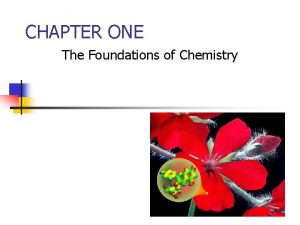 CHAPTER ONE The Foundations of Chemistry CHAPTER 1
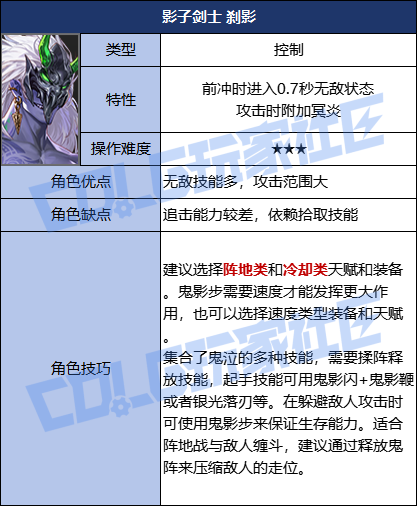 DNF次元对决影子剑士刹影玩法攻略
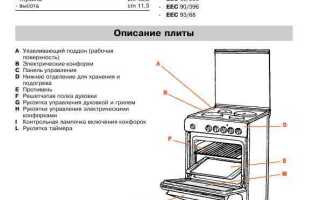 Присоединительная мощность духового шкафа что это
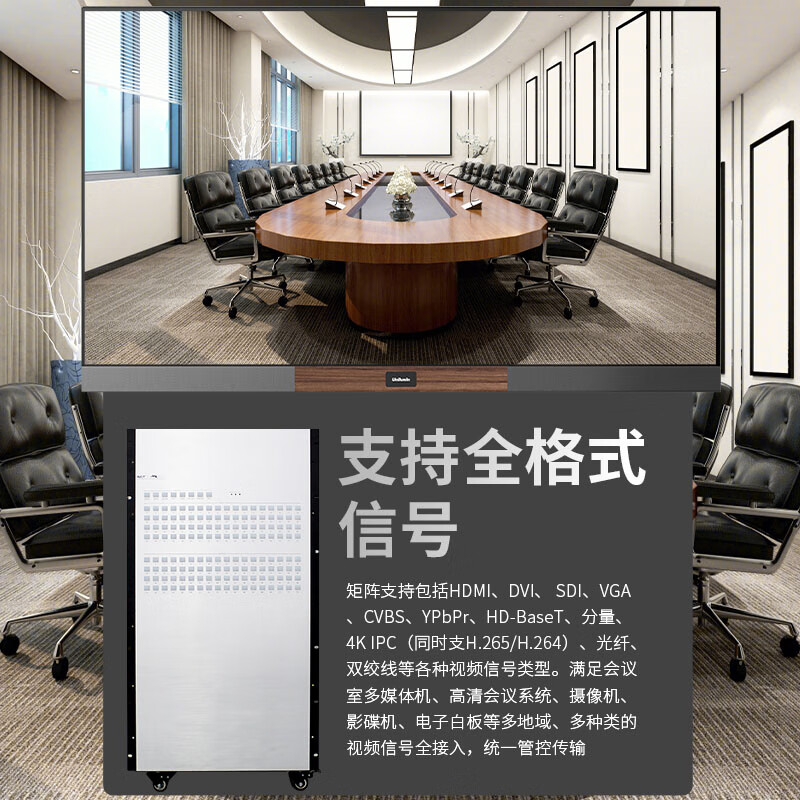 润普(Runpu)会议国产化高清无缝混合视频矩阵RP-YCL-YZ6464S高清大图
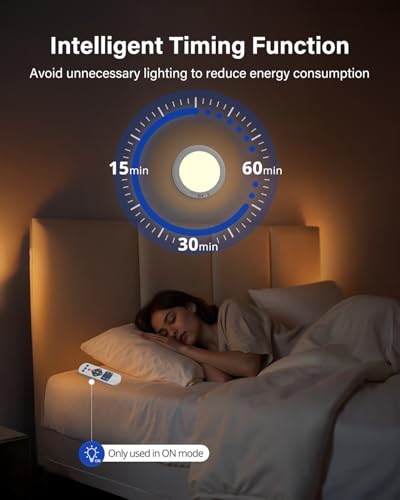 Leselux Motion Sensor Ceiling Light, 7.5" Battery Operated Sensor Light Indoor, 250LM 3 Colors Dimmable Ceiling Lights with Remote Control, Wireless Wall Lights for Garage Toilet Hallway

=-=-=

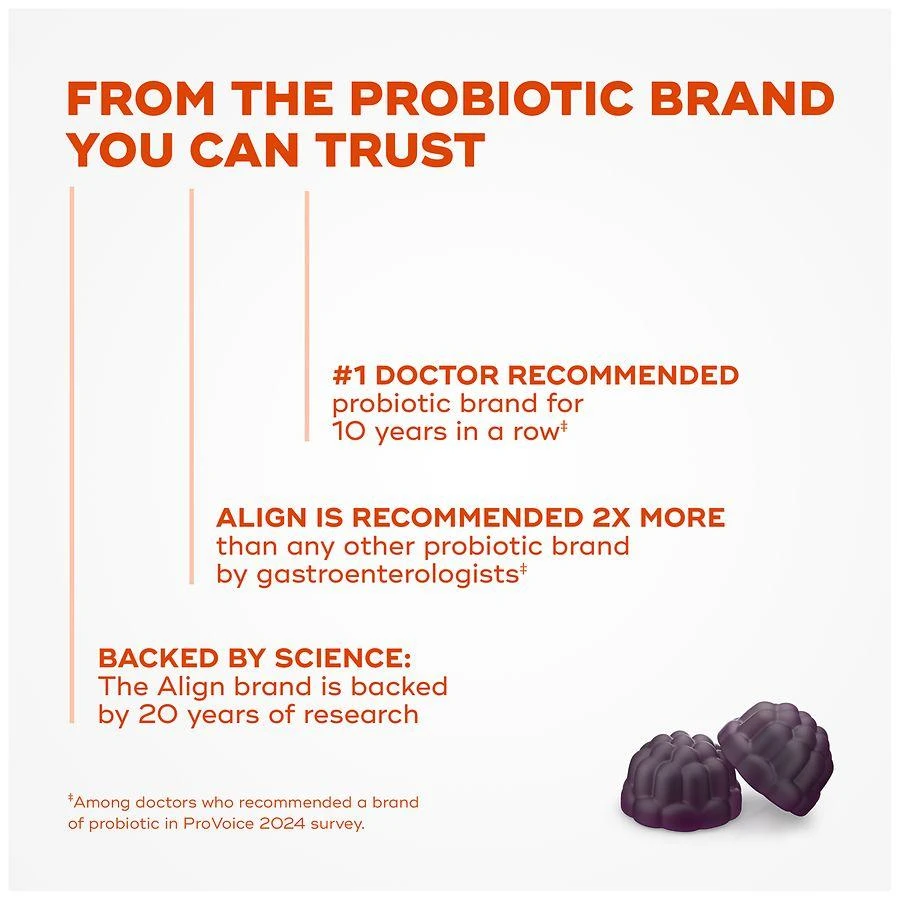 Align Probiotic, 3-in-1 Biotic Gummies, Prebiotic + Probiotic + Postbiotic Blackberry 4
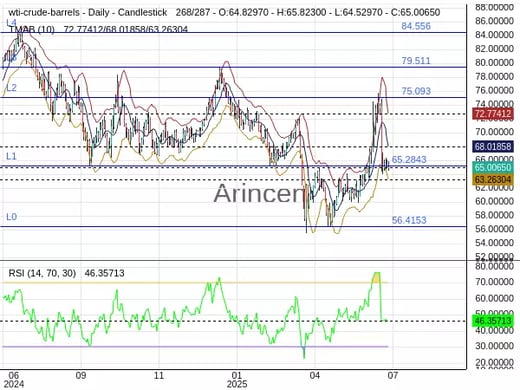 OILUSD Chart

=-=-=

### What needs to be done
In the data above, take the line with "Align Probiotic, 3-in-1", the line with "OILUSD Chart", and every line between, and set them down exactly without pictures.

### Expected output
 Align Probiotic, 3-in-1 Biotic Gummies, Prebiotic + Probiotic + Postbiotic Blackberry 4
 OILUSD Chart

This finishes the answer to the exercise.